=== Section Start ===
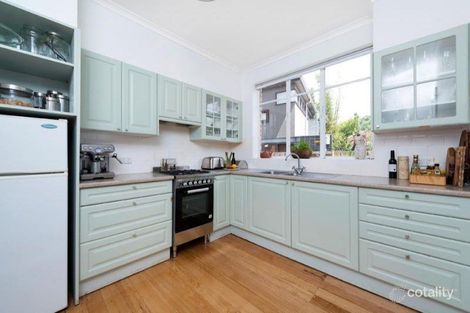 Property photo of 6/289 Barkly Street St Kilda VIC 3182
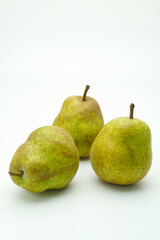 ラフランス（洋梨）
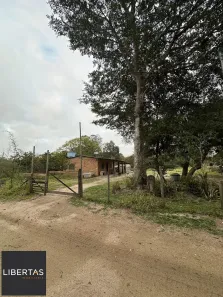 Fazenda/Sítio com 2 Quartos à venda, 68m² no Boa Vista do Sul, Porto Alegre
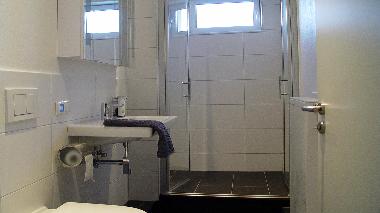 Appartement de vacances /en/au Lotte / Osnabrck (Osnabrcker Land)ou appartement ou maison de vacances
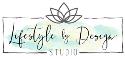 Lifestyles By Design company logo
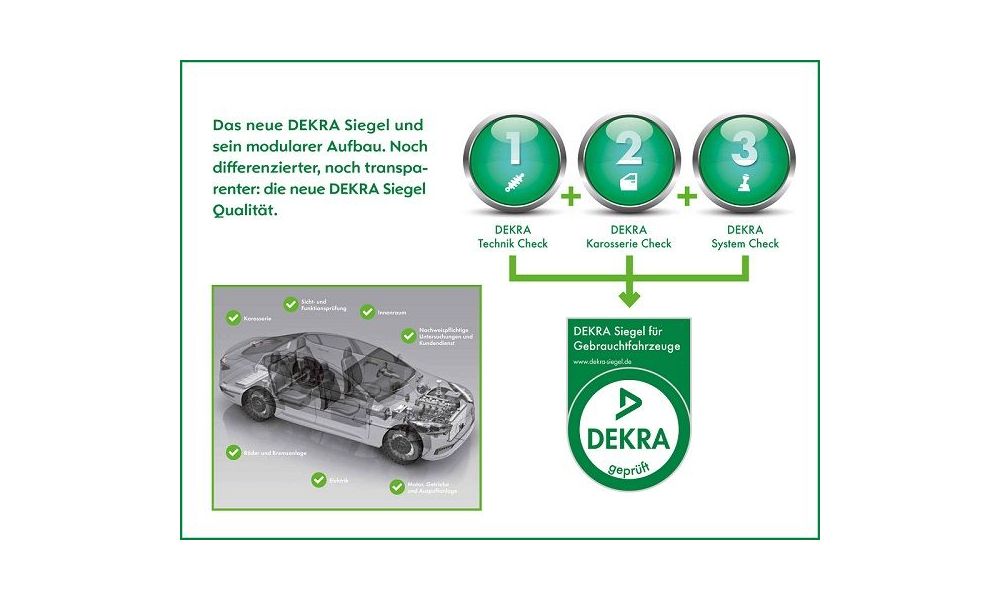 50737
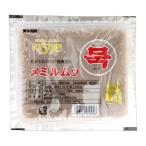 そばムク 400g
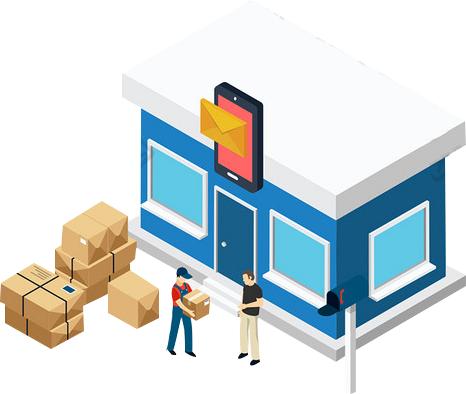 严查骗取退税,打击骗取留抵退税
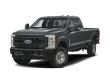 Used 2024 Ford F-250SD Lariat Truck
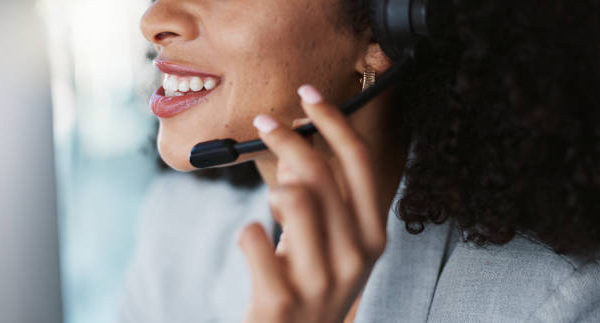 The Growing Role of Insurance Services Outsourcing in Modern Businesses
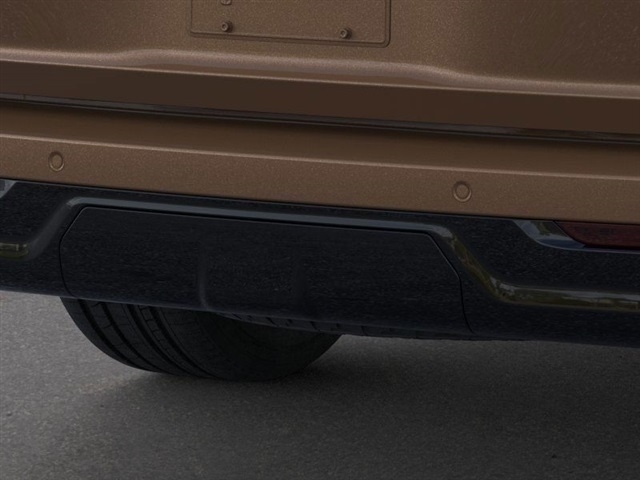 Lincoln Navigator L Black Label 2025 Lincoln Navigator L Black Label 2025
=== Section End ===
▶ _WHAT IS BEING ASKED_
Output every entry above exactly as written, but omit the pictures.

▶ _RESPONSE TO THIS EXERCISE_
 Property photo of 6/289 Barkly Street St Kilda VIC 3182
 ラフランス（洋梨）
 Fazenda/Sítio com 2 Quartos à venda, 68m² no Boa Vista do Sul, Porto Alegre
 Appartement de vacances /en/au Lotte / Osnabrck (Osnabrcker Land)ou appartement ou maison de vacances
 Lifestyles By Design company logo
 50737
 そばムク 400g
 严查骗取退税,打击骗取留抵退税
 Used 2024 Ford F-250SD Lariat Truck
 The Growing Role of Insurance Services Outsourcing in Modern Businesses
 Lincoln Navigator L Black Label 2025 Lincoln Navigator L Black Label 2025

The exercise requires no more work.